Statement by Lisa L. Thompson, Vice President of Policy & Research, NCOSE
Washington, DC – The National Center on Sexual Exploitation calls on Canadian trade negotiators to protect their citizens from a stealthy attempt to decriminalize websites that promote prostitution and facilitate sex trafficking by insisting on removal from NAFTA of language similar to previous wording of Section 230 of the U.S.’s Communications Decency Act (CDA).
“As NAFTA negotiations with Canada resume this week, insiders report that tucked into the digital chapter is language that will export protections for online sex trafficking websites across the North American continent and beyond,” said Lisa L. Thompson, Vice President of Policy and Research for the National Center on Sexual Exploitation. “If this language is not removed sex trafficking could become the U.S.’s biggest export,” she continued.

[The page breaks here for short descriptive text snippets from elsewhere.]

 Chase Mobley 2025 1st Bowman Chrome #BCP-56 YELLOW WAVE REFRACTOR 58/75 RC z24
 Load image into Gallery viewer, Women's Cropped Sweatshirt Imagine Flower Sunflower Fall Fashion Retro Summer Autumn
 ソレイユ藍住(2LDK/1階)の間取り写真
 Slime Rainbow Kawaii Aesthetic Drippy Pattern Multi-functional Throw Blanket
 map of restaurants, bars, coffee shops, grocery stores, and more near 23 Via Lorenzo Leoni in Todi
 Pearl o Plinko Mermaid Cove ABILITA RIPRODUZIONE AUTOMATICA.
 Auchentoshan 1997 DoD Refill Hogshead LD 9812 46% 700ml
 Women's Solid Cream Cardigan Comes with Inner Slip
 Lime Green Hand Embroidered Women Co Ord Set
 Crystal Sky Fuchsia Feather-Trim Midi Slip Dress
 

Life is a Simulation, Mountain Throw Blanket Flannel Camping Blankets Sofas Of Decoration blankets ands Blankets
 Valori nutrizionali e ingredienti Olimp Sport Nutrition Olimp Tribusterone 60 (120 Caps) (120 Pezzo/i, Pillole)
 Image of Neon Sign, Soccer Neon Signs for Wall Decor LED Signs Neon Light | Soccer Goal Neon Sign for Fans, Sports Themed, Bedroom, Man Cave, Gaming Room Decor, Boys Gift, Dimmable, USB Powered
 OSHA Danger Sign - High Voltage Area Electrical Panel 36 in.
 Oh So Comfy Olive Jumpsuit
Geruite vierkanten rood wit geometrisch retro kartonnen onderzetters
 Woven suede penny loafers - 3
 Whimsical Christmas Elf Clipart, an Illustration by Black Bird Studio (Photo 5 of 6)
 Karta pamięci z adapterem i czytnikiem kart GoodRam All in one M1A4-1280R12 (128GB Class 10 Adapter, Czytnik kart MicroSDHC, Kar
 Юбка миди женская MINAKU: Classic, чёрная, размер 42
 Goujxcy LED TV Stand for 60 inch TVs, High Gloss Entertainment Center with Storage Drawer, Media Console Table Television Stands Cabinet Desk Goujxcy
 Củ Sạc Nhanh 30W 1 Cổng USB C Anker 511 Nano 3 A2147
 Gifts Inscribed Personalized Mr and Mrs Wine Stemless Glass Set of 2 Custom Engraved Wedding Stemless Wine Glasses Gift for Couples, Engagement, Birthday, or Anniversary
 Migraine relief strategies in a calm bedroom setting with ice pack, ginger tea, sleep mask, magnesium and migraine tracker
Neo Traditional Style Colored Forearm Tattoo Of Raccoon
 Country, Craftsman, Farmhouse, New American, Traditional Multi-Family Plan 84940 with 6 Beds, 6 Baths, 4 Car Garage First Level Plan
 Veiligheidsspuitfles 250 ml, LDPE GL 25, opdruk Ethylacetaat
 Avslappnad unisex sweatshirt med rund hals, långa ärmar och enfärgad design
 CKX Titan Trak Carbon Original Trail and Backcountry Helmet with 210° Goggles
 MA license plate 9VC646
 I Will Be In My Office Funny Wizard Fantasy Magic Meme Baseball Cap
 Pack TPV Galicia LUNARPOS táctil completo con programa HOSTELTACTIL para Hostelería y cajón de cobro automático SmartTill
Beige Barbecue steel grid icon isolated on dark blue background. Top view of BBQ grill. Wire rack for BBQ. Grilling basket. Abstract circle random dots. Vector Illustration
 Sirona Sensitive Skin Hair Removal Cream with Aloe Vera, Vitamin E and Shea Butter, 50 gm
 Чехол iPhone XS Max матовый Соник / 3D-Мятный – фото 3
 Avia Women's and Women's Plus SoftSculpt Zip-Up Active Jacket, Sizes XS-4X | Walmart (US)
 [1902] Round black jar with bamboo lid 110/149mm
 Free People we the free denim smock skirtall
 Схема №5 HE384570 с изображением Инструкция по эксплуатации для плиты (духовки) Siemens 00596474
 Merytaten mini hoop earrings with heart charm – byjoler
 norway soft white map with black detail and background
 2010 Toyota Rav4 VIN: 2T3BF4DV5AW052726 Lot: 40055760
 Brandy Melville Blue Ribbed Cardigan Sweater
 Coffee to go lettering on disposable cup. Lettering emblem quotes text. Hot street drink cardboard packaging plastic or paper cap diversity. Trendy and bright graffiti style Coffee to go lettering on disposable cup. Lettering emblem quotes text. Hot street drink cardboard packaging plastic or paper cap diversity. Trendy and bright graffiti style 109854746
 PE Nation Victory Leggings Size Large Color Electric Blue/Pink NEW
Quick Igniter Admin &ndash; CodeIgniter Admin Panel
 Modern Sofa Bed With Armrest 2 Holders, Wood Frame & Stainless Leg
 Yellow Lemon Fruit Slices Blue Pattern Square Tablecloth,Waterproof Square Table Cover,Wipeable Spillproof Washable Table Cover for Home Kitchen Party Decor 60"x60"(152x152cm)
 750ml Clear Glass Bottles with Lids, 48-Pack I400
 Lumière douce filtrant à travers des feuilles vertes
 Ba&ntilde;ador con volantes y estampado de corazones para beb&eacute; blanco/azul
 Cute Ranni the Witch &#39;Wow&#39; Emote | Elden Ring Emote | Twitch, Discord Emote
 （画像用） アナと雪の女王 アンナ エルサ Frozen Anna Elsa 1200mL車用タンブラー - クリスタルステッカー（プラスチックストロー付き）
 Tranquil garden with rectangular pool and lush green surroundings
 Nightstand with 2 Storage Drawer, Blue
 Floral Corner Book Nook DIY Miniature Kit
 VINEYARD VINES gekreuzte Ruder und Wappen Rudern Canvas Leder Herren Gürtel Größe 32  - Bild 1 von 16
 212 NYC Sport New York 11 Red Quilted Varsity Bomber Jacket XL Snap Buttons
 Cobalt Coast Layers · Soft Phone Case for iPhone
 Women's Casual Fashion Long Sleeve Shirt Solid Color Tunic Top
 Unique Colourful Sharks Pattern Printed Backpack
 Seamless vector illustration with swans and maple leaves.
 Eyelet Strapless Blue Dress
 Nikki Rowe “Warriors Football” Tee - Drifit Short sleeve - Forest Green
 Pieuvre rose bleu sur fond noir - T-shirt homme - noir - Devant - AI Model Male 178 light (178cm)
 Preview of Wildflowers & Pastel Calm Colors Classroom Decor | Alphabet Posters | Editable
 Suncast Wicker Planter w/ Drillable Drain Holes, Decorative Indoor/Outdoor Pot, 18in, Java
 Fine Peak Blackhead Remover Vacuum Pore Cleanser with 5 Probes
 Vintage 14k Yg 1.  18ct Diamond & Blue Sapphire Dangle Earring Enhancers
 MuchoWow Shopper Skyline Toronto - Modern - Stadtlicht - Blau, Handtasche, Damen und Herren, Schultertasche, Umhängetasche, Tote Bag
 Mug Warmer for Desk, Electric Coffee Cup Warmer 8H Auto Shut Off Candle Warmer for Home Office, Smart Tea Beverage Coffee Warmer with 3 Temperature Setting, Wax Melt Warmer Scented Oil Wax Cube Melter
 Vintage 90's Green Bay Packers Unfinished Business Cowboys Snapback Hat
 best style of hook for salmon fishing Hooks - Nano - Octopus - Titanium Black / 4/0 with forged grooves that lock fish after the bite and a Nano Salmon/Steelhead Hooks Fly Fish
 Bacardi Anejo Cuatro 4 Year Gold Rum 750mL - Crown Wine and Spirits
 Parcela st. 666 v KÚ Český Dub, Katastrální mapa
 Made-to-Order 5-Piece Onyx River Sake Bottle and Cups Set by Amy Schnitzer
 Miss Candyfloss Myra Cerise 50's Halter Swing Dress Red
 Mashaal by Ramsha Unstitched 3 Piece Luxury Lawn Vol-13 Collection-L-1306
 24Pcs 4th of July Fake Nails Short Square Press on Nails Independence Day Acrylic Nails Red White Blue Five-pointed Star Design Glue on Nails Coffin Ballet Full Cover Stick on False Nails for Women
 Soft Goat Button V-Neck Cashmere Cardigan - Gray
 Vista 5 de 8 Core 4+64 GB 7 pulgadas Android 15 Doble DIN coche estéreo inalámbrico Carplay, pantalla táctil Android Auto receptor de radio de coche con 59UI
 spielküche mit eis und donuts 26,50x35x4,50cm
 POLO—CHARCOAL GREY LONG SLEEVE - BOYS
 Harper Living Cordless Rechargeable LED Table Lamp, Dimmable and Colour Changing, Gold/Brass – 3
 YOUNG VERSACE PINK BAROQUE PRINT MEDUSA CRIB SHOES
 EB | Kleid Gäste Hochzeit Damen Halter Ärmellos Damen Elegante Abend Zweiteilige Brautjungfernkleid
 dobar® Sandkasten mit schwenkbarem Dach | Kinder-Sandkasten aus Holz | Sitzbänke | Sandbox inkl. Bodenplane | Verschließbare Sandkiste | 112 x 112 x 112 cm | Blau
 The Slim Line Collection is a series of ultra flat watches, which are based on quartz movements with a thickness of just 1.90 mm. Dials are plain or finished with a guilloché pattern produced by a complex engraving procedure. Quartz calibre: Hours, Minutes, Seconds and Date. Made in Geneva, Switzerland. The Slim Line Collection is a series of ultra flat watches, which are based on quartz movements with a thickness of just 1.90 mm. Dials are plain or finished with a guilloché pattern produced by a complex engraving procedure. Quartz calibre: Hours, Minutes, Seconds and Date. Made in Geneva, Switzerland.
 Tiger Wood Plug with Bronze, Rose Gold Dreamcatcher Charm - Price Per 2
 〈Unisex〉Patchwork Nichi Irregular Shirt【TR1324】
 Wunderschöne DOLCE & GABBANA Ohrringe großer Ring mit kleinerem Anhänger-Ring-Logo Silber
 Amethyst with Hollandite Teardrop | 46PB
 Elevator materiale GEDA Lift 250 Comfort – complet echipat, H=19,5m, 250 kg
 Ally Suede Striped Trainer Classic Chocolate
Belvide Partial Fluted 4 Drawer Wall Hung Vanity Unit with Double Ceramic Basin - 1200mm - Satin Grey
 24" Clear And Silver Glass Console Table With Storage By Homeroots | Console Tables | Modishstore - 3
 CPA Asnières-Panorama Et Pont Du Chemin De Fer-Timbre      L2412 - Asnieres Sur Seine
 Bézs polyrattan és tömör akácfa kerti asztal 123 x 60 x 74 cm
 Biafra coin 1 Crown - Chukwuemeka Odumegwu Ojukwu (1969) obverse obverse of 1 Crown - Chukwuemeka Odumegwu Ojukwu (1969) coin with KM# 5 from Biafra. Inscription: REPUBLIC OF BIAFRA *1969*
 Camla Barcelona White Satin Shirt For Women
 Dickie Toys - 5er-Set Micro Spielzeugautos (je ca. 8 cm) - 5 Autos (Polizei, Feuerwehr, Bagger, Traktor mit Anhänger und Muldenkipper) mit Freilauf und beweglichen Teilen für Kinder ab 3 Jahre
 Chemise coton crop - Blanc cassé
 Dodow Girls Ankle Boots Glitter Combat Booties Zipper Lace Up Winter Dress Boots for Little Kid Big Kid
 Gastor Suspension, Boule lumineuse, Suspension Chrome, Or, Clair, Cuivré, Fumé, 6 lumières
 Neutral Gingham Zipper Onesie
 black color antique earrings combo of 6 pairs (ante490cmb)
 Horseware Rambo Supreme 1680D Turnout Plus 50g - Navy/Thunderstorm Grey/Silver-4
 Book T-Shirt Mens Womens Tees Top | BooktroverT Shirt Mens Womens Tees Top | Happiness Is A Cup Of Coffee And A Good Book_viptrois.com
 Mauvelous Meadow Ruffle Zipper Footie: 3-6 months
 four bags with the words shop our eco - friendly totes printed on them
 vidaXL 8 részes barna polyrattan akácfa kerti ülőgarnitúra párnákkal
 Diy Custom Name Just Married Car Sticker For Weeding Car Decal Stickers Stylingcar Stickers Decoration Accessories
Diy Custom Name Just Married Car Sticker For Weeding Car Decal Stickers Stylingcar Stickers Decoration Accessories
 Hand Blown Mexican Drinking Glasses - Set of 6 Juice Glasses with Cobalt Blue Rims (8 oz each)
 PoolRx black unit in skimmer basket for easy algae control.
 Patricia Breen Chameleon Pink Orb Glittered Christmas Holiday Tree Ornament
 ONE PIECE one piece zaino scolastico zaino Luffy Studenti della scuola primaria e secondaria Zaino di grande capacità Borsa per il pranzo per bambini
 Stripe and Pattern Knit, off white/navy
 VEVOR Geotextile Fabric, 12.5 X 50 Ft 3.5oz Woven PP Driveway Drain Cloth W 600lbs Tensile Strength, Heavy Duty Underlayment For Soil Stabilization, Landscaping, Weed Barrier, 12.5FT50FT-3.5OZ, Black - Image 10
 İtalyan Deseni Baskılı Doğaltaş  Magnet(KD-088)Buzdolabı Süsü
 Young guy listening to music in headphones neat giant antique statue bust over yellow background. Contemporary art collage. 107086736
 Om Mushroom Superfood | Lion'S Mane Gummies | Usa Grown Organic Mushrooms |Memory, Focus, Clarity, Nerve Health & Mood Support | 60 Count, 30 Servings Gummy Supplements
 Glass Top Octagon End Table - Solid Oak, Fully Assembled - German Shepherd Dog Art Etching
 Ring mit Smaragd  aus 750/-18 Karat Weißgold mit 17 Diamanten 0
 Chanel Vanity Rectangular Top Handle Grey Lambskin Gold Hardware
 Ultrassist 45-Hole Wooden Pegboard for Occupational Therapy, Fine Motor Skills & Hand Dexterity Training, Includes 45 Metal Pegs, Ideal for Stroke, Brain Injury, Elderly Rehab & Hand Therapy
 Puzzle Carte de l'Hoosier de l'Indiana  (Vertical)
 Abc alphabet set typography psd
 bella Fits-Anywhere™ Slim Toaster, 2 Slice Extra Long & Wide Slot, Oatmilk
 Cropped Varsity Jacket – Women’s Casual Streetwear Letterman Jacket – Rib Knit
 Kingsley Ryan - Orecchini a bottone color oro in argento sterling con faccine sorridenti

In a letter signed by survivors of sex trafficking, their parents, advocates, and anti-trafficking organizations, including the National Center on Sexual Exploitation, groups have already warned members of the U.S. Congress that language akin to the former provisions of Section 230 of the CDA has been incorporated into the trade deal.
Ironically, in an historic vote in March, Congress passed legislation amending Section 230 of the CDA to clarify that websites knowingly facilitating sex trafficking are not afforded the broad immunity from civil liability and state criminal prosecution that a series of perverse court opinions had granted websites like Backpage.com. The legislative deal known as FOSTA-SESTA was staunchly opposed by groups like Google, the Internet Association, and other major players in the technology sector.
Undaunted by their failure to stop CDA reform in Congress, Big Tech has spearheaded a policy laundering initiative which stealthily incorporates old Section 230-like language into NAFTA. If the old Section 230-like language remains in the trade deal, the tech sector will not only succeed in doing an end run around Congress’ express legislative intent, but also create legal confusion about the enforcement of FOSTA-SESTA in the U.S., and export to Mexico, and potentially Canada, the very de facto immunity that for years shielded the U.S. kingpins of sex trafficking from civil liabilities and state criminal prosecutions.
“I have long thought that the individuals behind Backpage.com and websites like it, were among the world’s most reprehensible individuals,” said Lisa L. Thompson, Vice President of Policy and Research for the National Center on Sexual Exploitation. “I realize I was being too tough on them. I now save this judgement for those bent on exporting the very language that allowed online platforms profiting from massive sexual exploitation to flourish in the U.S. to neighboring countries.”